The cost of care is a major policy issue for Australia during the coming decades. Currently one in 8 Australians provides some form of care to children, or elderly or disabled people. Most carers are women, and we expect too much from them.
We face a double-edged demographic sword as our population ages – not enough tax-paying workers and not enough carers.
Here is Australia’s demographic challenge.
Our ageing population means larger number of workers than ever before will retire during the next 20 years.
Because of this, we need to attract more people to the workforce to pay taxes so the country can fund the significant welfare, medical and care needs of the elderly.
An obvious source of labour is women who have exited the workforce to have children. However, the very reason we need to attract women back to the workforce could be the reason many of them end up staying at home: to care not only for children, but also for ageing parents or relatives – it’s the care “double whammy”.

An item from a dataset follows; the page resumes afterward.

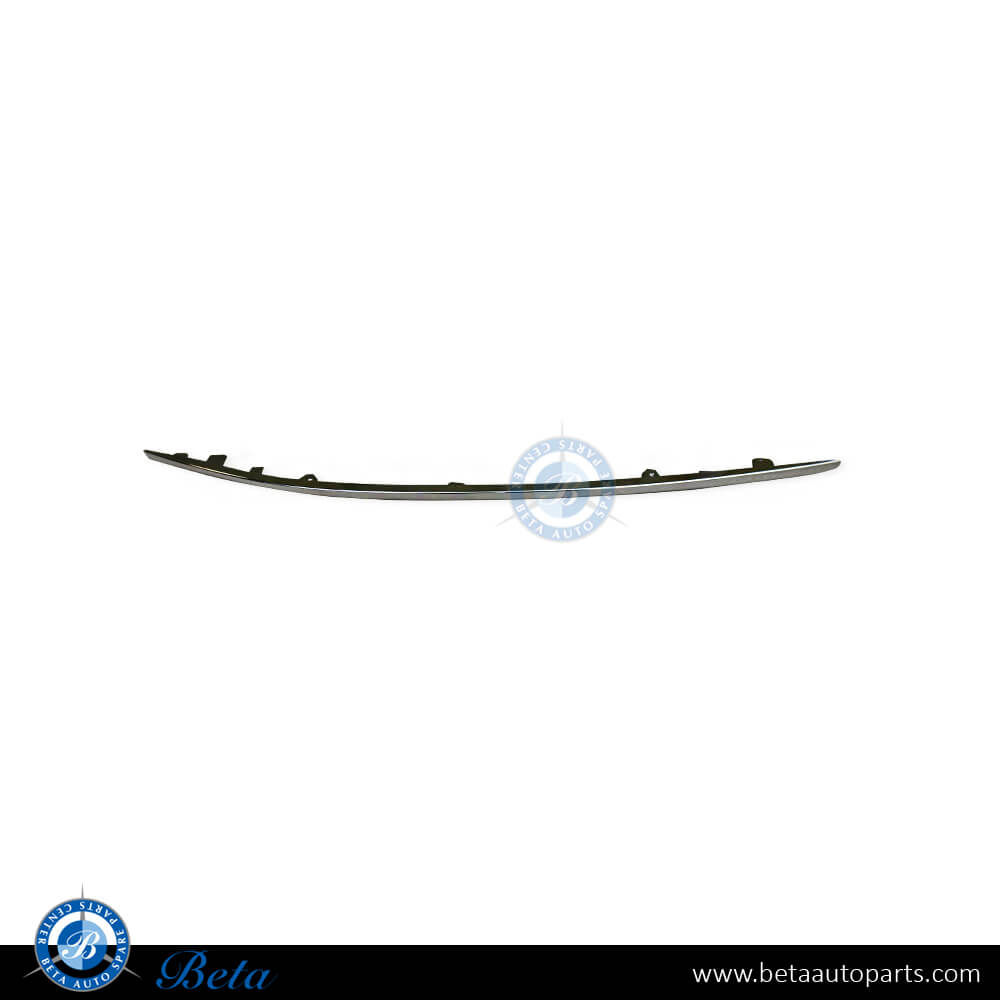 Left Side Front Bumper Lower Chrome Moulding - Avantgarde for Mercedes C-Class W205 2015-2018 models, Part Number 2058851174 Left Side Front Bumper Lower Chrome Moulding - Avantgarde for Mercedes C-Class W205 2015-2018 models, Part Number 2058851174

Many carers have to “give up” the opportunity to do paid work and, as a result, need to rely on welfare. Many also suffer from perceptions that their time out of workforce has made them less employable.
One-third of people providing primary care for elderly or disabled people live in households whose income places them in the poorest fifth of households in Australia.
The cost to the country is lower if disabled or elderly people are cared for at home, and this is partly the case because the majority of costs are being borne by carers.
We need to make a decision.
Do we commit more public funding to care facilities so more people can be cared for outside the home? Or
Do we pay home carers more to compensate them for the direct and indirect costs of providing care?
At all levels of society, we need to debate how we can provide better financial , workplace and community support to people who care for children, the disabled and the elderly.